1) Name one thing you wish someone had told you when you were a graduate student.

Slow down. It is easy to lose yourself as a graduate student, especially with the pressures of research, coursework, and teaching. You do not have to complete everything today. If you can enjoy the experience, the time it takes is not as much of a concern. In Undergrad, there is a finite amount of work that needs to or could be accomplished. Therefore, you can plow full steam ahead to accomplish it all and then, rest when it’s done if you so choose. However, in graduate school, once you dive into research, there is an infinite amount of work and you will never accomplish it all. It isn’t worth letting your mental and physical health deteriorate to accomplish as much research as possible. Instead of defining your days and weeks by your task list, pick a set number of days and hours that you work. Then, make your task list fit within those days. It is okay to let things go unfinished depending on the consequences. Prioritize tasks with larger consequences first. Then, circle around to the lower-priority tasks later.

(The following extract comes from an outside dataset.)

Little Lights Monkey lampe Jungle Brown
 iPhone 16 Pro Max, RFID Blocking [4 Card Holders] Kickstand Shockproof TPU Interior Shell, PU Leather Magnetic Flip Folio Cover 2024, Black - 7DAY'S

2) You are a first-generation graduate student and were the first person in your family to earn higher than an associate’s degree. Name one thing you wish faculty would do to better support first-generation students.

The biggest disadvantage that I see a lot of first-generation students in academia specifically have is not knowing the language of academia. We can easily mess up a Ph.D. candidate vs. a Ph.D. student. We don’t know what ABD stands for. Yet, I regularly saw professors condescend or ridicule first-generation students for not knowing what these words mean or other etiquette in academia. If you run a research lab, create a “Get Started Guide” for your students. I would include some language and acronyms that are used regularly, expectations that you have for them as a member of the lab, and typical procedures for your lab. Because you are always around the lingo and typical procedures, you may think less of someone who doesn’t act or talk like you expect but have compassion and question whether they would have even known to act differently.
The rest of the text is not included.